DOI: https://doi.org/10.15420/aer.2025.36

Disclosure: KN has received fees for services from Biosense Webster, Boston Scientific, Field Medical and Lifetech Scientific, participates on an advisory board for Boston Scientific and has stock in Field Medical. AF has received fees for services from Boston Scientific. NR has received fees for services from Boston Scientific. SH has no conflicts of interest to declare.

Correspondence: Kars Neven, Department of Electrophysiology, Alfried Krupp Krankenhaus, Alfried-Krupp-Str 21, 45131 Essen, Germany. E: kars_neven@hotmail.com

Copyright:

© The Author(s). This work is open access and is licensed under CC-BY-NC 4.0. Users may copy, redistribute and make derivative works for non-commercial purposes, provided the original work is cited correctly.

Catheter ablation has become a cornerstone of rhythm control in AF management. Traditional thermal methods, including radiofrequency (RF) and cryoablation, are limited by collateral tissue injury, lesion variability and thromboembolic risk. Pulsed field ablation (PFA) circumvents many thermal limitations through electroporation, preferentially affecting myocardial tissue while sparing adjacent structures such as the oesophagus and phrenic nerve.1,2 However, unlike thermal ablation, in which lesion maturation follows predictable fibrotic pathways, the biological and structural evolution of PFA lesions and their long-term durability require detailed characterisation to fully validate the technique.

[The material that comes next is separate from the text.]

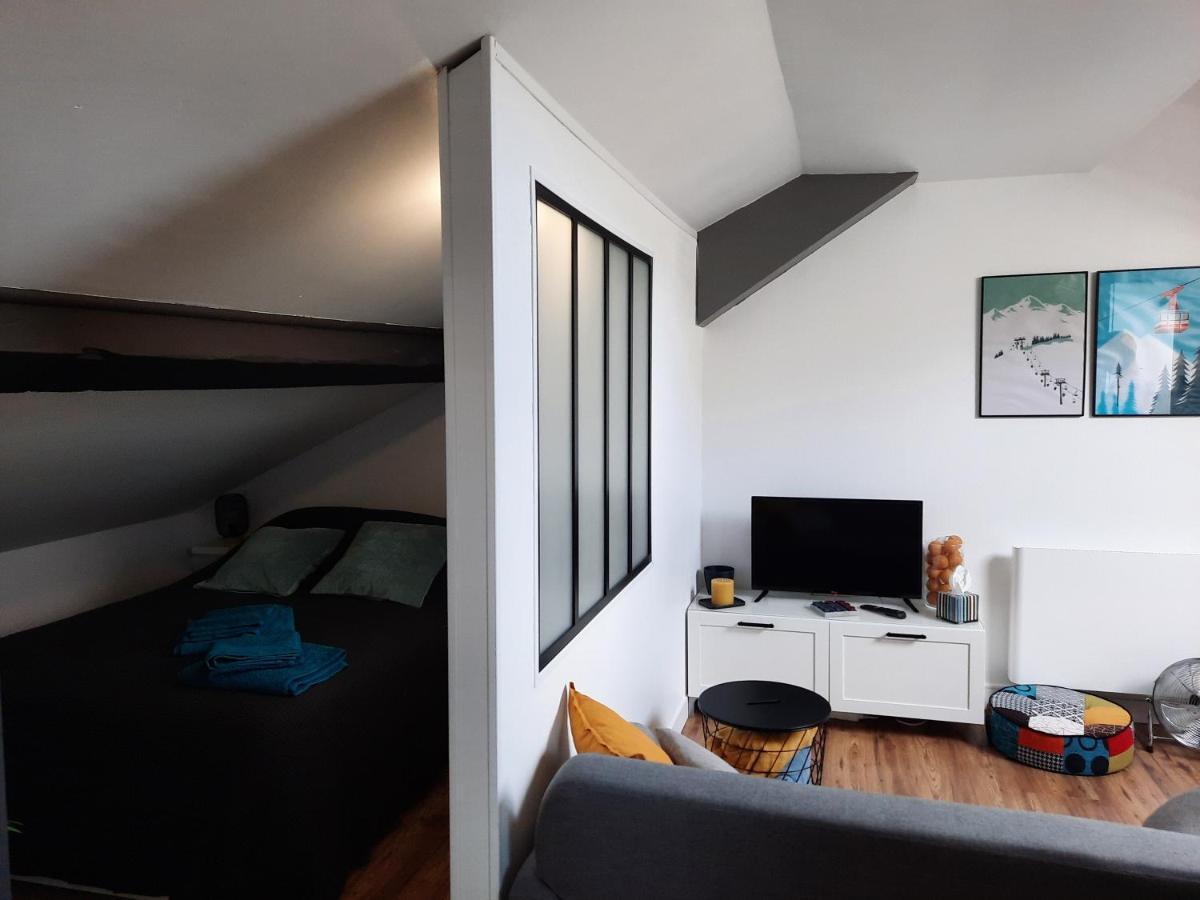 Superbe Appartement Pour 2, Au Coeur De L'Ariege! Ussat Екстер'єр фото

Fundamental Principles of Pulsed Field Ablation Lesion Formation

PFA leverages the biophysical principle of electroporation, wherein high-intensity, short-duration electric fields disrupt cellular membrane integrity by creating nanopores. When the applied electric field exceeds a critical threshold, irreversible electroporation (IRE) occurs, leading to loss of cellular homeostasis and subsequent cell death.3,4 Importantly, the threshold for IRE varies among tissue types, enabling selective myocardial ablation. The lesion architecture resulting from PFA is sharply demarcated, often with minimal collateral damage to non-cardiac structures.5 Durability of these lesions fundamentally depends on the achievement of a uniform and complete transition to IRE across the target tissue.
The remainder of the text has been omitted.